#### [Description of the task]
For the records below, print the lines from the line with "Retro Wood Triangle" through the line with "Erste Bank Eishockey" exactly as written; include both end lines and exclude the rest.

#### [Task material]
------------------------------
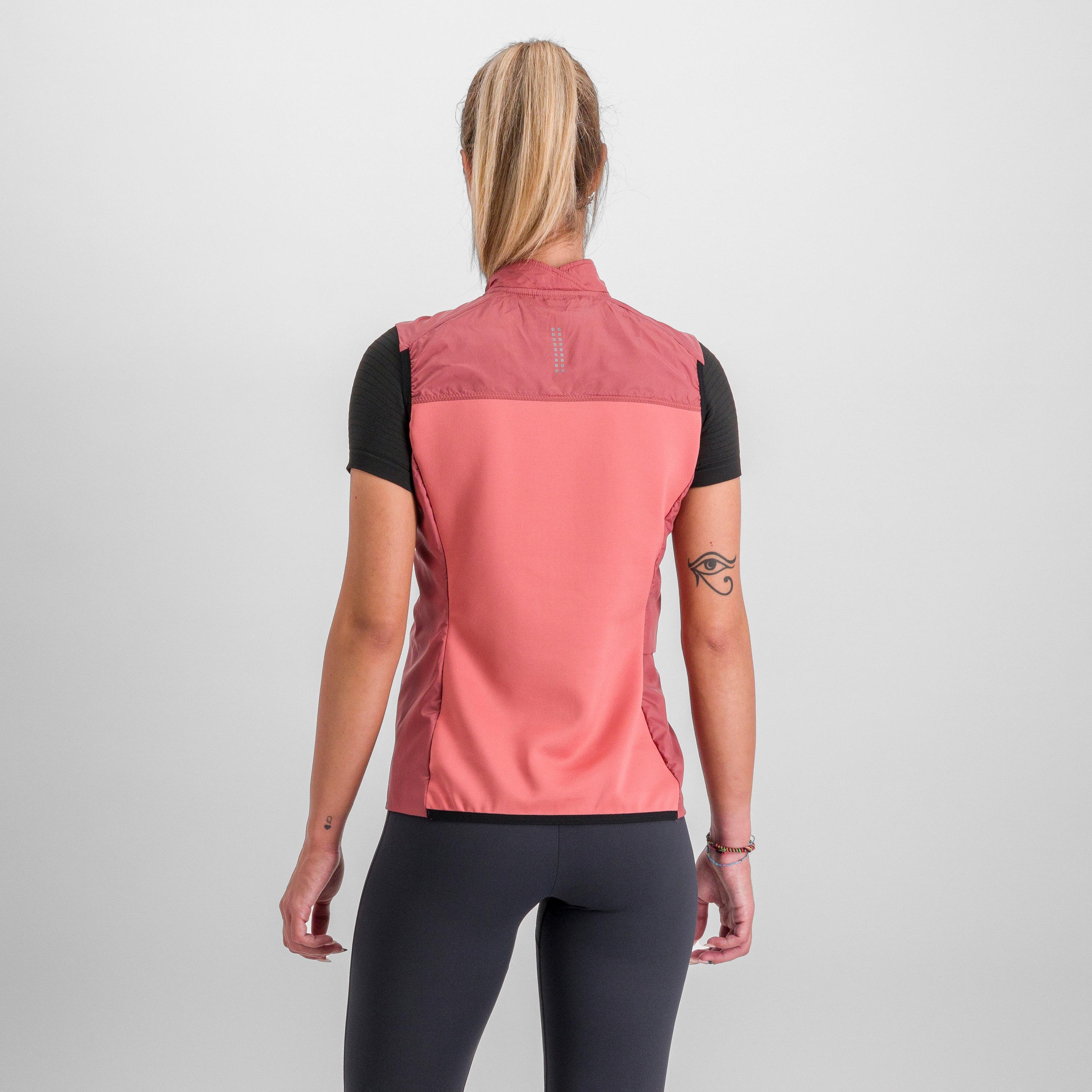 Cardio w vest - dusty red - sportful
------------------------------
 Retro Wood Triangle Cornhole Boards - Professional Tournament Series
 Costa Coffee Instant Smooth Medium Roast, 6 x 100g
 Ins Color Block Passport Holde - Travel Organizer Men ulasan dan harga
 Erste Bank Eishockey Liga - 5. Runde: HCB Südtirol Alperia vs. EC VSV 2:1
------------------------------
#### [Problem solution]
 Retro Wood Triangle Cornhole Boards - Professional Tournament Series
 Costa Coffee Instant Smooth Medium Roast, 6 x 100g
 Ins Color Block Passport Holde - Travel Organizer Men ulasan dan harga
 Erste Bank Eishockey Liga - 5. Runde: HCB Südtirol Alperia vs. EC VSV 2:1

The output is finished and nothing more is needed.